# T.Dan Smith - Flawed Visionary...But Was He Right?



## JKKne (Mar 30, 2006)

Former Trotskyist, Mr Newcastle himself and brought down by his trust in experts.

T.Dan Smith is probably the North Easts' most famous politician of all time (you can't count Blair as he isn't from the Region, and Milburn/Mandelson/Byers and Mallon are nobodies)

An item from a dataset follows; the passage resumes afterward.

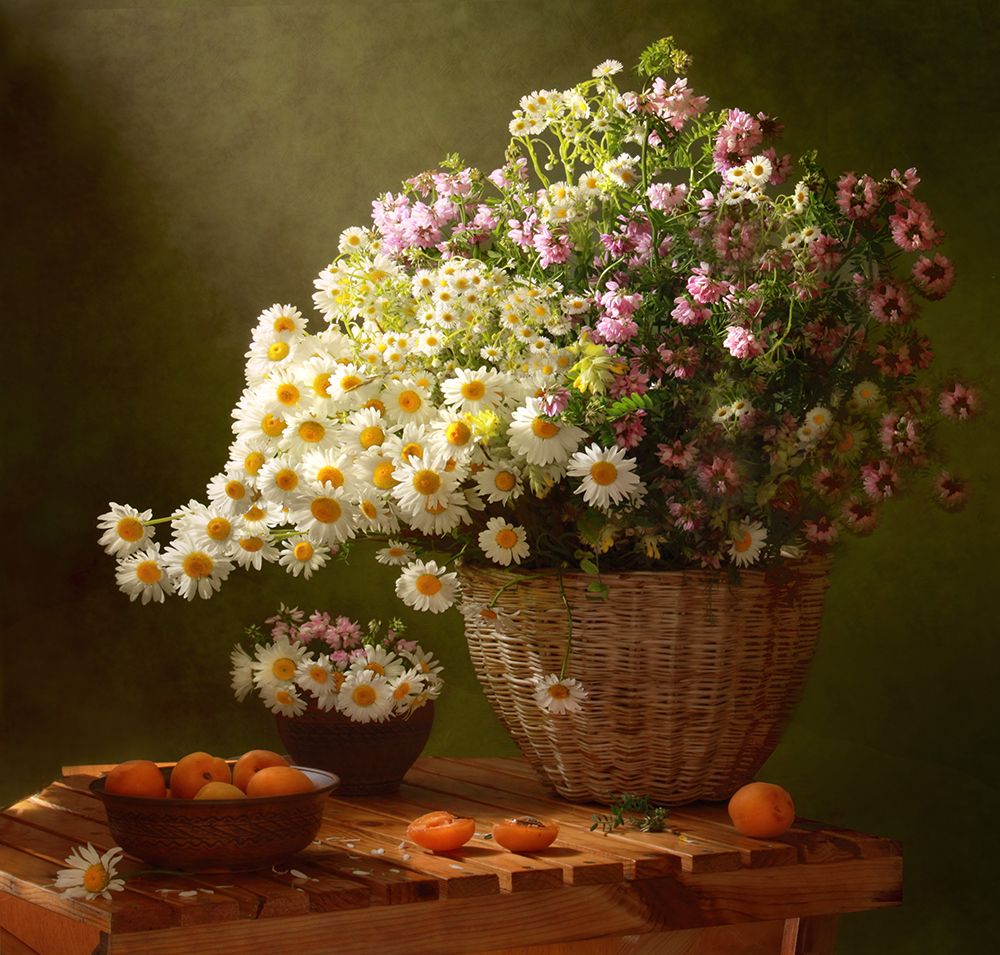 Still Life With A Basket Of Wildflowers art print by Tatyana Skorokhod for $57.95 CAD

I did some research for a paper a few years back and spoke to a number of local people and councillors and asked them to name a visionary, an inspirational person who saw the same future for Newcastle as them...they all said T.Dan Smith

For whatever you think of him, T.Dan had a number of outlandish dreams --

1) A dedicated retail centre with full pedistrianised areas(Eldon Square/Monument/Northumberland St

2) A learning quarter of the city (Newcastle & Northumbria Universities and the new in development Great North Museum and Library)

3) A leisure and arts culture centre (The Quayside and Laing)

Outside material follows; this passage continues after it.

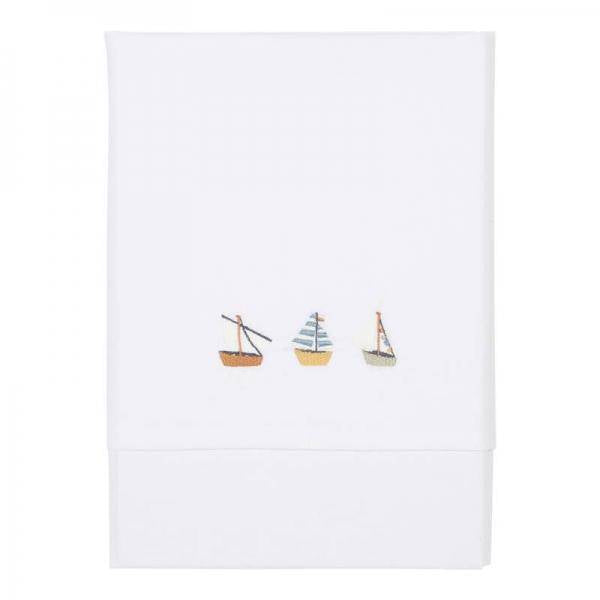 Sailors Bay embroidered crib sheet | Little Dutch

4) A cafe culture (achieved notably in Grey St)

5) To create a St James Park that would be a focus of the city (it is the citys most prominent building from all approaches)

6) Creation of a region or city state (Got as close to a referendum but never achieved)

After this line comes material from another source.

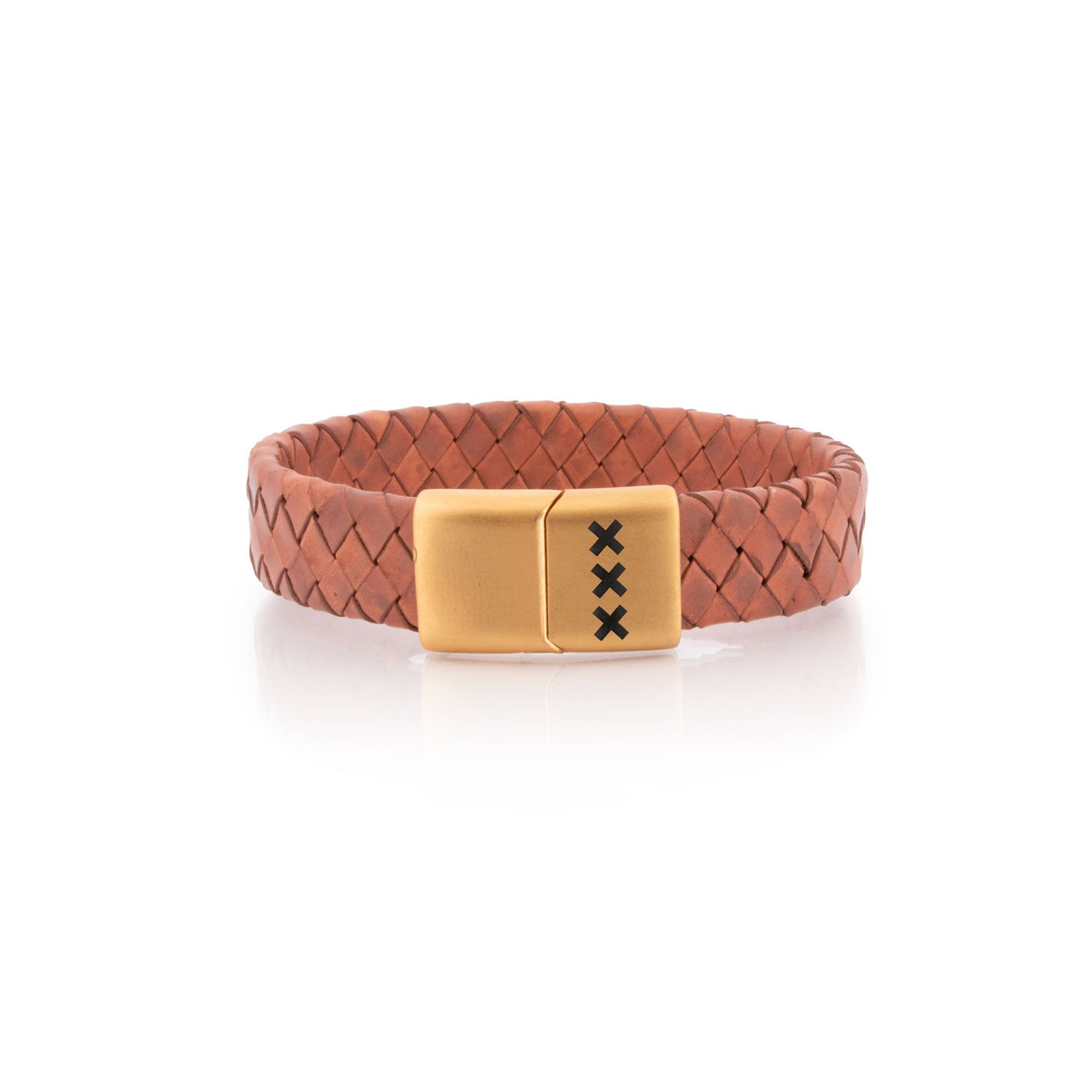 Bracelet Leather Light Brown/ Gold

7) Every north east region to have a Mayor (Middlesbrough, Hartlepool and South Tyneside have them now)

Maybe he was just guessing lucky, Smith was from an era of politics that said 'don't you worry your head, I know whats best for you' and maybe he was misguided but it would be wrong to dismiss him simply as a crook.


----------



## Spion (Mar 30, 2006)

Was this inspired by last night's BBC3/4 documentary? I've taped it for later (exciting life I lead, I know)


----------



## zoltan (Mar 30, 2006)

have you read the White room By Martyn Waites ? Hes done a few Newcastle based thrillers, but I think the white room is the one that delves into T Dan smith ....Im not sure whether this influenced or was influenced by "Our Friends in the North" but a good, if depressing read all the same ...........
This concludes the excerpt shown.